* _Exercise objective_
Return the full listing character for character, without its pictures.

* _Data shown_
/---
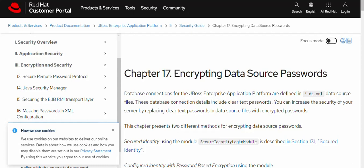Hi all, welcome back. This is Abhimanyu Kumar and as you can see, today's topic is encrypting data source password. I'm referring the Red Hat portal here. You can see the topic encrypting data source password.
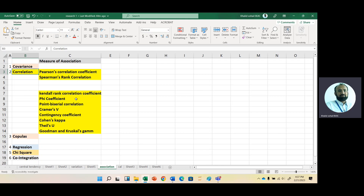Then we have Cohen's Kappa. It measures the agreement between two raters or methods for categorical data. Its value ranges between minus one to one. Then we have Theil's U measure. It is also used to measure the relationship between categorical data, taking into account the entropy or uncertainty in each variable. Its values range between zero and one. Then we have Kendall's measure, which measures the association between two ordinal variables and ranges from minus one to one.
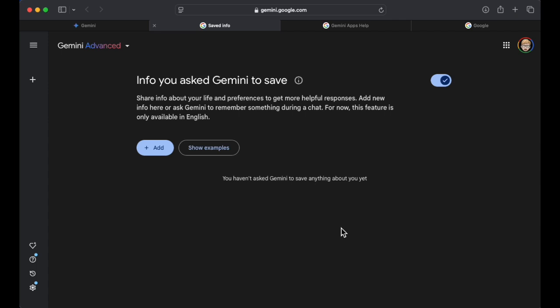And it's funny cause I was thinking they should just call this Google Gemini Remember. But it's called saved info is what they refer to it as. And I guess that makes sense cause it's information you asked Gemini to save.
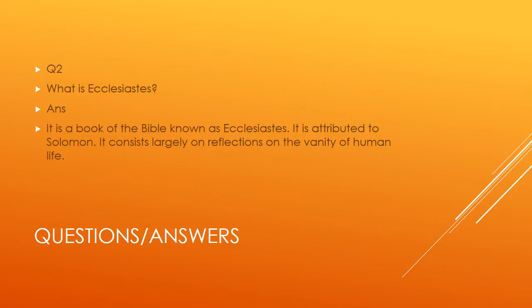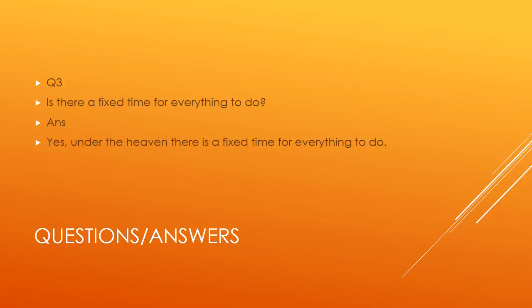It is the book of the Bible known as Ecclesiastes. The Bible chapter is attributed to Solomon. It consists largely of reflections on the rapidity of human life.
\---
* _Answer area_
Hi all, welcome back. This is Abhimanyu Kumar and as you can see, today's topic is encrypting data source password. I'm referring the Red Hat portal here. You can see the topic encrypting data source password.
Then we have Cohen's Kappa. It measures the agreement between two raters or methods for categorical data. Its value ranges between minus one to one. Then we have Theil's U measure. It is also used to measure the relationship between categorical data, taking into account the entropy or uncertainty in each variable. Its values range between zero and one. Then we have Kendall's measure, which measures the association between two ordinal variables and ranges from minus one to one.
And it's funny cause I was thinking they should just call this Google Gemini Remember. But it's called saved info is what they refer to it as. And I guess that makes sense cause it's information you asked Gemini to save.
It is the book of the Bible known as Ecclesiastes. The Bible chapter is attributed to Solomon. It consists largely of reflections on the rapidity of human life.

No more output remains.